§ Exercise materials:
::::

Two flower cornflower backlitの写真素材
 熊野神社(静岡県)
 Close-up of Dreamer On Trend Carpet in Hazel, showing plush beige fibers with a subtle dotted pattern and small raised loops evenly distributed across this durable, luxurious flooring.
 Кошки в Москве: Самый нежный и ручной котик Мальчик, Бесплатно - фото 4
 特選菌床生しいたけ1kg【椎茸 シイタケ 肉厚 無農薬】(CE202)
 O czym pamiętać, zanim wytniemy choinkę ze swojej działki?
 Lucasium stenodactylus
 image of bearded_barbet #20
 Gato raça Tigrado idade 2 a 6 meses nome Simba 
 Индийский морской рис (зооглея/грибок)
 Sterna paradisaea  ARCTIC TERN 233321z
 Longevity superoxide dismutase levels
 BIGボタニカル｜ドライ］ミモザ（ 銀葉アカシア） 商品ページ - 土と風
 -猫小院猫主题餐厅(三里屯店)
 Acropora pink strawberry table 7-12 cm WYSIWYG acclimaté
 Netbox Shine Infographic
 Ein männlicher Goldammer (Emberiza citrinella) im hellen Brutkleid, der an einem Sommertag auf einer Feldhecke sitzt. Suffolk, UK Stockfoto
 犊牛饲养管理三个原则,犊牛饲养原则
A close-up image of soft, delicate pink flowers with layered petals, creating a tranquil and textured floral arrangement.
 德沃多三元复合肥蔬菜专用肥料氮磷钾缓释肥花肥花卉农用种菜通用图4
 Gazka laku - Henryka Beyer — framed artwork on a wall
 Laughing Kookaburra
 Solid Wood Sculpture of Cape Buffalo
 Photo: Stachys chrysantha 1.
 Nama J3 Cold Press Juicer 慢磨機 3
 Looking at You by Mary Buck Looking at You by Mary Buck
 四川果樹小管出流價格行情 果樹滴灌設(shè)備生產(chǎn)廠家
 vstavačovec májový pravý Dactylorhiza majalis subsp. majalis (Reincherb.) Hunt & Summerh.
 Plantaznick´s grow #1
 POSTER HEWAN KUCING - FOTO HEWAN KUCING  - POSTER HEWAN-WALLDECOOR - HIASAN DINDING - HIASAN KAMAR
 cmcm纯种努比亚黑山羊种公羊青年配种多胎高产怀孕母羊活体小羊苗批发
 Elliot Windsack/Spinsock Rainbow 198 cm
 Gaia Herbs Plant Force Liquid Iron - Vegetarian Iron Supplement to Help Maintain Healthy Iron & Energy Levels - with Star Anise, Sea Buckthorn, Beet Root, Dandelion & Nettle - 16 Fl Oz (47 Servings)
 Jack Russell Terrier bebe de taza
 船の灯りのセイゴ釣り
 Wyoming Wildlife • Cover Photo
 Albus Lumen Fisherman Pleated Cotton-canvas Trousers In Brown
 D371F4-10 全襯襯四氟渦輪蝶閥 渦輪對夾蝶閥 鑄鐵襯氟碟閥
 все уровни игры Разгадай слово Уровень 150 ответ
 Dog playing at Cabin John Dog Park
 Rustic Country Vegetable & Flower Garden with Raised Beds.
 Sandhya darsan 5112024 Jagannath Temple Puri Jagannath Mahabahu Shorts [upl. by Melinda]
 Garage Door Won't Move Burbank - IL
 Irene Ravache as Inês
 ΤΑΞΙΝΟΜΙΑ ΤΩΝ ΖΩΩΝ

::::

List the lines of the material in which the word "Photo" occurs.

§ Exercise answer:
 Photo: Stachys chrysantha 1.
 Wyoming Wildlife • Cover Photo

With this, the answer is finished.